You might be able to correlate some measurements to perception but you can't replace perception.

Gary
I mean, you're correct about this, but what you said in post #17 is confused / confusing. "there are things about speakers that can't be measured..." But no, as you note, in most cases (i.e. speakers that fit on a klippel) we can measure every aspect of how they radiate sound into space with good accuracy.

You can't measure the perception of imaging / the illusion of space. Because this isn't a "thing about the speaker", it's a thing about the listener.
 
This effect of the speakers disappearing and all images coming from points in space rather than a clothesline stretched between the speakers is caused by a sufficient output to the rear and rear/sides which is in turn caused by the radiation pattern of the speakers.

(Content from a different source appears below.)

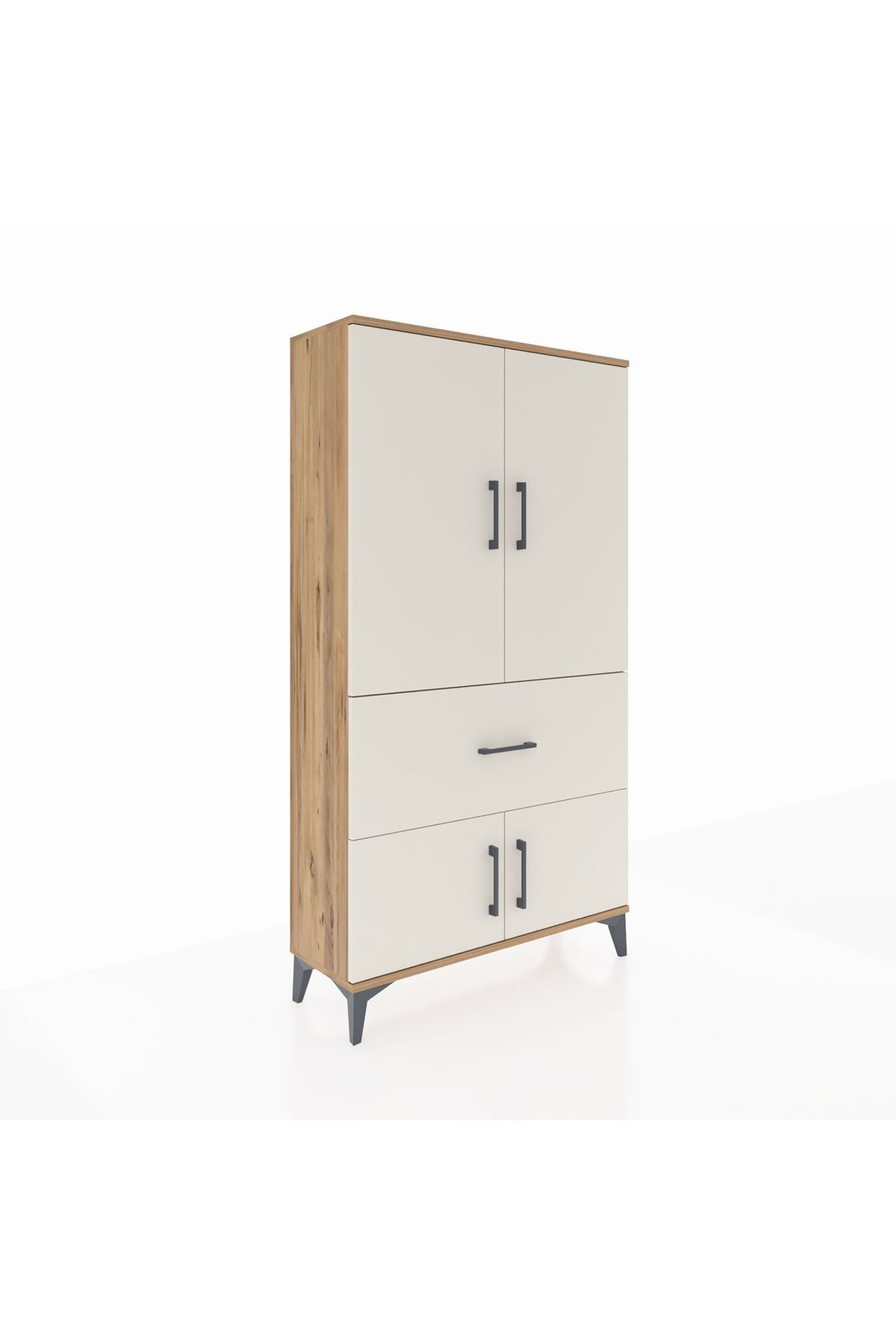 Arges Dolap 3 Raflı Tek Çekmeceli 4 Kapaklı 88x30x163 Çam-Aytaşı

The simplest example I can give you with commercial speakers would be the open baffle, which has at least as much output to the rear as to the front
The perception you describe, practically a truncated pyramid, is achieved primarily through an excellent recording with the right balance of direct/reflected sound, speaker placement, the listening triangle relative to the room's walls, and acoustic treatment. An excellent polar pattern. If you measure everything, with patience and experimentation, what you call spatiality will eventually emerge!
 
Once you have obtained the truncated pyramid, it is only the beginning. Inside the truncated pyramid, you need to focus the individual sound images, starting from the central one, the first one you need to obtain, but that's another story.
 
Oh I agree you can’t measure things that aren’t in the signal(s) by measuring the signal(s).

I suppose there are some brainwaves and such that would offer a clue, but that’s out of scope. Besides, that sort of stuff isn’t limited to speakers.
ahofer, you won't get this for another couple of decades, but the sound field that is projected into the room is not caused by "signals" in the sound tracks, it is caused by the radiation pattern, speaker positioning, and direct to reflected ratio of speakers and room. Those factors are the essence of what we hear from all systems.